Rolls-Royce presents Coachbuild Collection programme

rolls-roycemotorcars.com

Rolls-Royce announces Coachbuild Collection, combining coachbuilt cars with exclusive multi-year experiences. Learn how the programme is structured.

Rolls-Royce Motor Cars has turned coachbuilding into something larger than a car. On 24 March 2026, the marque announced Coachbuild Collection, a new super-luxury proposition that combines a true coachbuilt motor car with a multi-year programme of exclusive experiences. Each Collection will be created on an entirely new canvas, produced in a strictly limited number, and never repeated. Access will be by invitation only through Rolls-Royce’s global Private Office network.

The significance of the announcement lies in that structure. Rolls-Royce is not presenting a rare car alone, but a curated programme built around its creation. Clients invited into the first Coachbuild Collection are set to receive access to closed testing facilities, inner design studios, master craftspeople from adjacent luxury worlds, and private events in destinations chosen to reflect the story of the motor car itself.

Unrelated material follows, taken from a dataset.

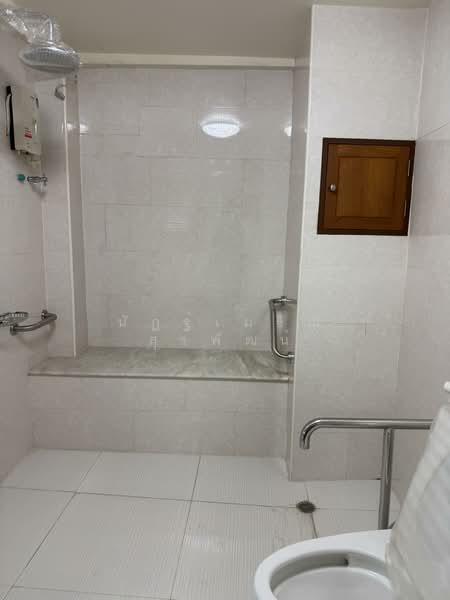 Building Home office Klongsan, Bangkok, Somdet Chao Phraya, Khlong San, Bangkok, , 2,000 sqm, Office Space For Sale, by Natmethinee Surapat, 500331653 - DDproperty.com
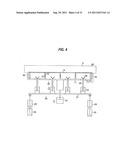 SUBSTRATE POLISHING APPARATUS AND METHOD diagram and image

This move also fits into a wider story Rolls-Royce has already been telling through the Goodwood-era coachbuilt cars that came before it. The company points to Sweptail, Boat Tail and Droptail as the projects that deepened collectors’ interest in Rolls-Royce design. But the new Collection adds a clear shift in emphasis: according to the marque, some of its most design-literate clients were less interested in directing every detail themselves and more interested in seeing what Rolls-Royce would create with the full freedom of coachbuilding.

That helps explain why the programme will run through Private Office locations in Goodwood, Dubai, Shanghai, New York and Seoul. Rolls-Royce already uses this network for its most ambitious Bespoke, Private Commissions and Coachbuild work, making it a natural gateway for a project aimed at a small circle of carefully selected clients.

The first Coachbuild Collection will be fully electric. Rolls-Royce says that decision reflects the views of the collectors who inspired the programme, many of whom already own Spectre and see its electric powertrain as something that elevates the Rolls-Royce experience. That choice also connects the new Collection to the company’s broader electrification story, with Spectre already established by the marque as its first fully electric motor car.

For now, Rolls-Royce is keeping the most specific details in reserve. The company has confirmed that the cars in each Collection will be fully homologated, road-legal and intended to be driven, but it has not yet disclosed the body style, production volume, price or technical specification of the inaugural model. Those details, Rolls-Royce says, will follow in April 2026.